For Lynn Tierney, former deputy fire commissioner of the New York City Fire Department, there are triggers that can turn the calendar back to Sept. 11, 2001.
Seventeen years later, she can recall every detail from some of that day’s events yet others are blurred. She remembers a New York City street with 400 pairs of firemen’s boots lined up along it. They were dropped by responding firefighters escaping the collapse of the towers.
That day, her calendar included a job interview at the Port Authority offices in the World Trade Center.
It was a space she knew well, having previously worked there for 13 years. “I knew every inch of those buildings,” she recalled.
Within hours, she would see the buildings topple, realize many of her close friends and co-workers had died and come close to death herself.
On Sept. 13, Tierney will speak about her experiences when the Boothbay Harbor Rotary Club holds its annual Hometown Heroes dinner at Spruce Point Inn, honoring first responders in our region.
Tierney shared some of her memories with the Boothbay Register.
Asked what the public didn’t know about that day, she said those at home watching television had more information at first than those on the scene. “We learned about the other planes intermittently throughout the day,” she said.
Tierney asked her close friend First Deputy Commissioner William Feehan if the disaster could have been caused by a mid-air collision. He knew immediately what had happened. “It’s terrorism,” he told her. Hours later, Feehan, 71, became the oldest firefighter to lose his life at the World Trade Center.
As Tierney explained, “Fire rises. We knew that we could not have put the fire out and we would lose the top 25 floors of each building. It was never in anyone’s mind that any of the buildings would come down.”

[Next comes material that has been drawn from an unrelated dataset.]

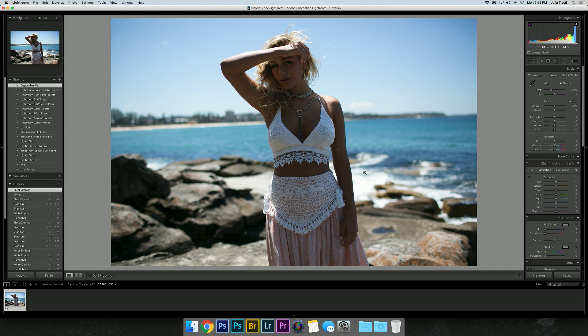The model has turned out a lot darker, so I would like to show you all how I would fix that in Lightroom. The first thing you would think to do is to bring up the exposure.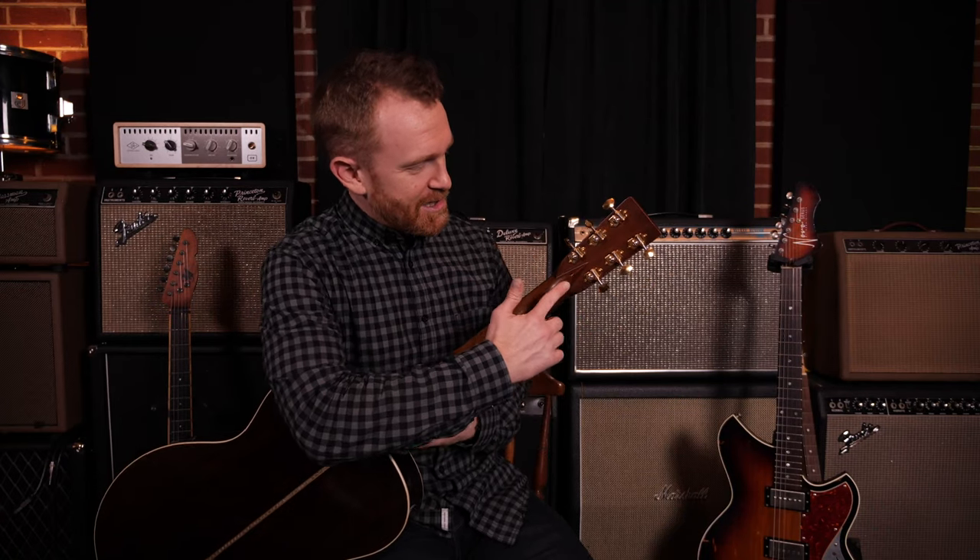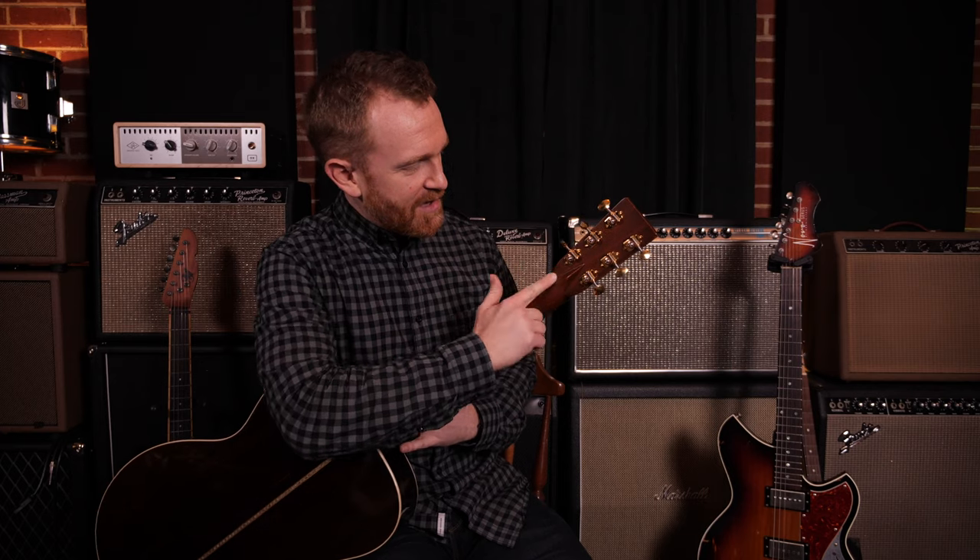What is a volute? A volute is this triangular piece on the back of some models of acoustic guitars.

But Deputy Chief Raymond M. Downey, an internationally recognized collapse expert, believed they might. At his direction, a “collapse zone” was created. At that point, the mission changed from fighting the fire to helping people get out.

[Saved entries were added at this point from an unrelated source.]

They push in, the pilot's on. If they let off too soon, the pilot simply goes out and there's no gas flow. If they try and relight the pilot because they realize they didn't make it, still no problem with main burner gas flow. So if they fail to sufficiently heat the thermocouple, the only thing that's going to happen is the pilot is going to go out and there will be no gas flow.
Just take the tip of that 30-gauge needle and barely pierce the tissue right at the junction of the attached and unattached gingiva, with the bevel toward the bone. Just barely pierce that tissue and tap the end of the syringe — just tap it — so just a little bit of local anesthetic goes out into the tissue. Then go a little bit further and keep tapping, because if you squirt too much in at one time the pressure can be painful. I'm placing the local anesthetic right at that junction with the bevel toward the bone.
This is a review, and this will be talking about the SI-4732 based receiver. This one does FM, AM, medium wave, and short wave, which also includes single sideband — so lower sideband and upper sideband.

Downey lost his life that day, along with Port Authority Police Department Chief James Romito and other friends Tierney had known for years.
She also came close to death.
When the second tower fell, Tierney was on the platform of a loading dock. "It was pitch black and you could chew the air. I could not believe that I was going to die on a loading dock.”

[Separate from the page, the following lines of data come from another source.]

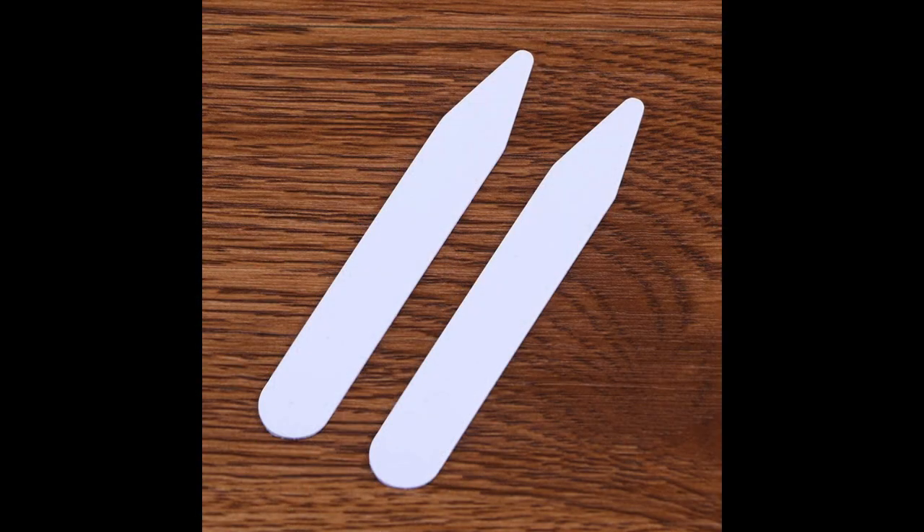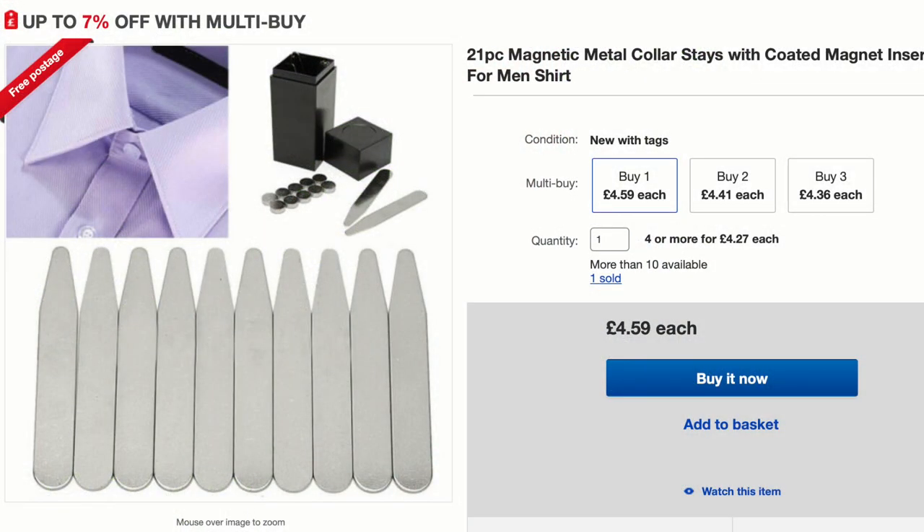The first collar control mechanism I recommend is the good old collar stay — not the plastic one which comes attached with your shirt inside that collar stay slot, but a metal one. I normally seek these out on eBay or Amazon. They come quite inexpensively; you don't have to pay a lot of money at all. Buy metal stainless steel — they slot right into that slot and add a great deal more rigidity to your shirt collar.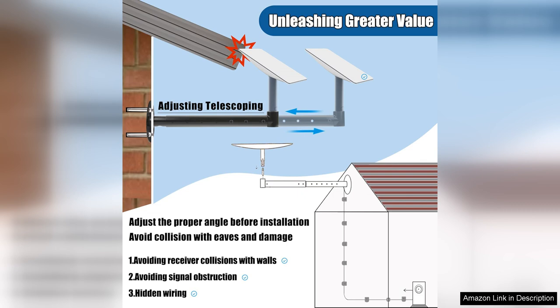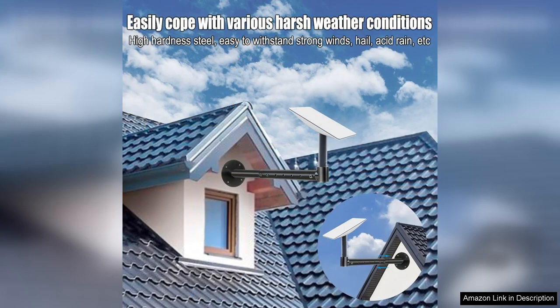The adapter fits perfectly with the Starlink dish, ensuring a secure and stable connection. Another plus is the ability to adjust the mount after installation. This feature is often overlooked in other mounting kits, but it allowed me to make fine-tuning adjustments without needing to disassemble everything.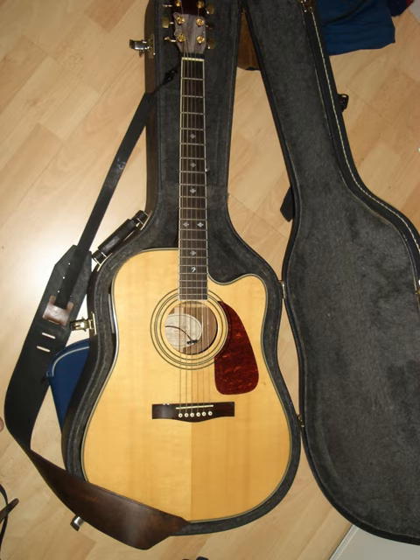They are commonly used in a variety of music genres where the sound of an acoustic guitar is desired but more volume is required, especially during live performances.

Through the darkness, she made her way down the stairs to her FDNY aide, Paul Iannizzotto. “We’re going to die today,” she told him. “Nope, nobody’s dying here today,” he answered.
Unfortunately that day, 343 FDNY members lost their lives. They helped 25,000 people get out of the World Trade Center before the towers collapsed.
The families of those firefighters were an immediate concern for their surviving colleagues. “Everyone watched the towers crumble over and over. But there were 343 families that crumbled that day, too,” Tierney explained.
Along with the tragedies were stories of courage and resilience.
Tierney worked with families to make sure they were treated well.
She believes it’s important to thank first responders at every opportunity. “There are 1.1 million firefighters in the U.S. and 800,000 of them are volunteers."
Tierney is collaborating with Peter King, Los Angeles Times editor and columnist, on a book about her experiences. Planned for completion in time for the 20th anniversary of the Sept. 11 attack, its working title is “Be Not Afraid.”
Now a full-time resident of Owl’s Head, she consults in crisis management and crisis communications. She and her rescue dog, Swiper, walk the beach every day.
“There’s randomness and chaos in the world,” she said. “Life is precious and short and you never know. Live it to the fullest.”